И сейчас будет поворот волчком. И будет Падение. И краткий миг животного страха, и хруст шейных позвонков, и ощущения что все уже кончилось, что больше ничего не надо бояться — все худшее уже случилось…
Но вместо всего этого вдруг накатывает разочарование, и обида, и радость, дикая животная радость. Потому что уши не слышат хруста ломающихся позвонков, и руки в агонии не пытаются судорожно скинуть свои путы. Зато слышно с шумом распахивается двери камеры, зажигается свет и чей-то голос орет: — Заключенный Завизион, с вещами на выход. И тот, кто был Стасиком, и стал заключенным Завизионом, делает еще один шаг к тому, что бы перестать быть человеком, и превратиться в белую подопытную мышку, стать малоценным и быстроизнашивающимся предметом, расходным материалом темпорального эксперимента…. и старшим дознавателем Ордена.
…Пробуждение…Кто-то осторожно трогает меня за плечо.
— Брат Домиций — мы ждем Вас.
— Хорошо, тогда зажгите свечи и готовьтесь.
Они уходят, что бы подготовиться к мистерии, а я чищу мозги от дремоты.
Коллектив должен быть единым, чувствовать сплоченность. Как этого достичь? — Лозунгами? — Ерунда!
Пьянками и корпоративами? — Неплохо, но не в нашем случае.
Основатели Ордена сумели найти тут тонкую грань, где можно уместить мирское, и светское, и мистическое, и самое обычное — плотское, самое, что ни на есть плотское.
У любого неофита есть свои недели слепоты, когда ему завязывают глаза, и он должен большую часть суток жить, ходить по цитадели, выполнять работу, молиться, руководствуясь только указаниями своего поводыря из братьев, или нескольких братьев или сестер.
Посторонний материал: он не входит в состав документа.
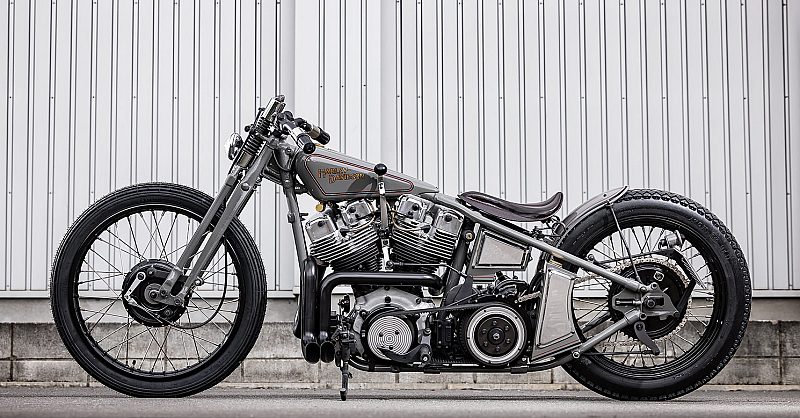 ☆Harley-Davidson レザー ビックイーグル刺繍PROTOTYPE☆ custom-harley-shovelhead-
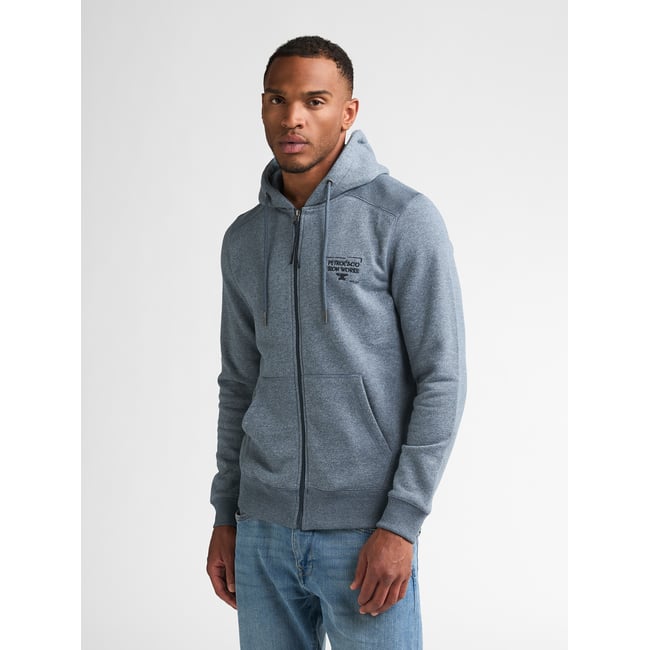 Sweat à capuche zippé chiné oakwood - PETROL INDUSTRIES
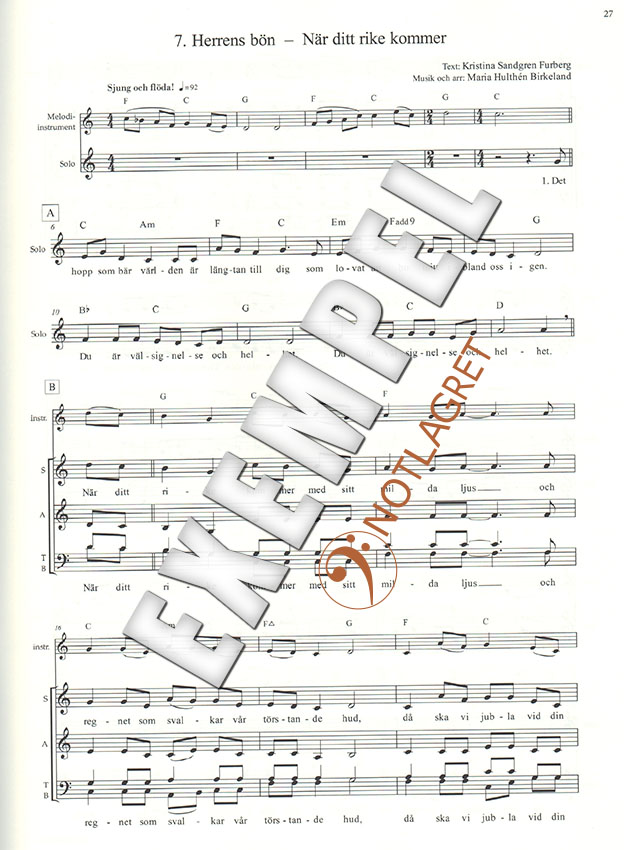 Din ljusa skugga : en mässa i Heliga danser-tradition (SATB)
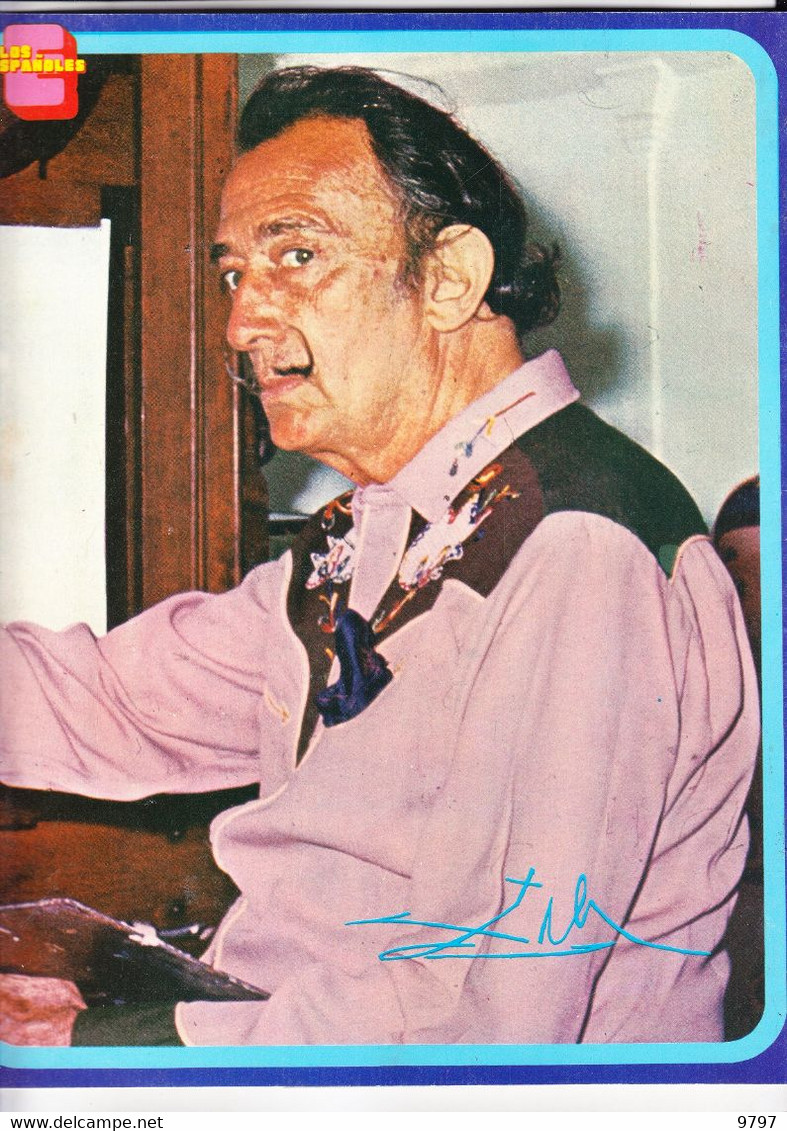 SALVADOR DALI - REVISTA 28 PÁGINAS CON MÁS DE 59 FOTOS EN COLOR - MIDE 23 X 28,50 - -  DE ANTONIO D.OLANO 1972 - [1] Bis 1980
Что-то вроде: „В двух шагах впереди ступенька, Зосима”, или „Держи мою руку, брат, впереди лестница на 7-й уровень цитадели”.
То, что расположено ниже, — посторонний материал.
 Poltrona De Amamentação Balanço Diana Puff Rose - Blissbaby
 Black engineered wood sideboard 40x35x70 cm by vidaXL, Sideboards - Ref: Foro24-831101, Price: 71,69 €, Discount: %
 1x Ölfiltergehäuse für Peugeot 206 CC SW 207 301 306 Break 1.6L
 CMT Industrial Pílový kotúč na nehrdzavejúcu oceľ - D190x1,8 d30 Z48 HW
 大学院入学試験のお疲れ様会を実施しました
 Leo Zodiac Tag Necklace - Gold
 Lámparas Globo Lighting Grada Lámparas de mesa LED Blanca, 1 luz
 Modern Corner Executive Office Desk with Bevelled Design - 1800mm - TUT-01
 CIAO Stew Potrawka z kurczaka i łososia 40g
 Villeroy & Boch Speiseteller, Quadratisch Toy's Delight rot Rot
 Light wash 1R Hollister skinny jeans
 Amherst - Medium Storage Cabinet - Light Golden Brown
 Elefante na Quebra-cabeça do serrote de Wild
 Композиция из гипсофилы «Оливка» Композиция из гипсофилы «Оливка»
Братья должны доверять друг другу, и Орден не может позволить себе ждать, пока неофит, полубрат или новообращенный привыкнет к мысли, что вокруг него свои, при чем настолько свои, что брат по Ордену становится братом в самом что ни на есть близком смысле слова.
Ломка происходит очень быстро. И все это при помощи нескольких простых методик, — вроде недели слепоты, когда лишь рука брата и его тихий голос служат тебе вместо глаз, или мига доверия, когда послушник должен, сложив руки на груди, упасть с крепостной стены, глядя в небо и веря, что братья внизу его поймают.
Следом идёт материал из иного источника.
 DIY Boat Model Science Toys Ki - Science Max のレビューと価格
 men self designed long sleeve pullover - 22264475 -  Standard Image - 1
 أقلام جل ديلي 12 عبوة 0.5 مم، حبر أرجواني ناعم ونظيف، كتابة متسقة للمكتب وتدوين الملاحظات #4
Но это для неофитов. Для тех же, кто уже принят в Орден таинства более высокого уровня. Например, Постное Радение. Такое как сегодня.
Сегодня Радение будет вести Савва, а я буду замыкать.
Высоко и протяжно он начинает: — Нет Бога кроме Яхве, а Орден десница Его!
Мы повторяем за ним: — Нет Бога кроме Яхве, а Орден десница Его!
Повторяем трижды, а потом начинается наш зикр, круг или радение, — назвать это можно по-разному.
Теперь моя очередь около часа читать короткую, на два десятка слов, молитву, задавая ритм, произнося одни слова на вдохе, а другие на выдохе. Рано или поздно глаза участников становятся стеклянными и они начинают раскачиваться.
Все! Теперь снова очередь Савуса — он встает и протягивает руки в стороны, приглашая составить круг, и мы «склёпываем» наше коло: рука правая — дающая — повёрнута ладонью вниз, а рука левая — берущая — ладонью вверх. Затем начинаем движение противосолонь (против часовой стрелки) — сначала медленно, затем всё более и более ускоряясь в едином ритме до невозможной обычному человеку скорости, повторяя одну из несложных церковных мантр, погружаясь в транс хоровода, который трудно передать в словах и даже показать, а нужно быть внутри, что бы чувствовать его.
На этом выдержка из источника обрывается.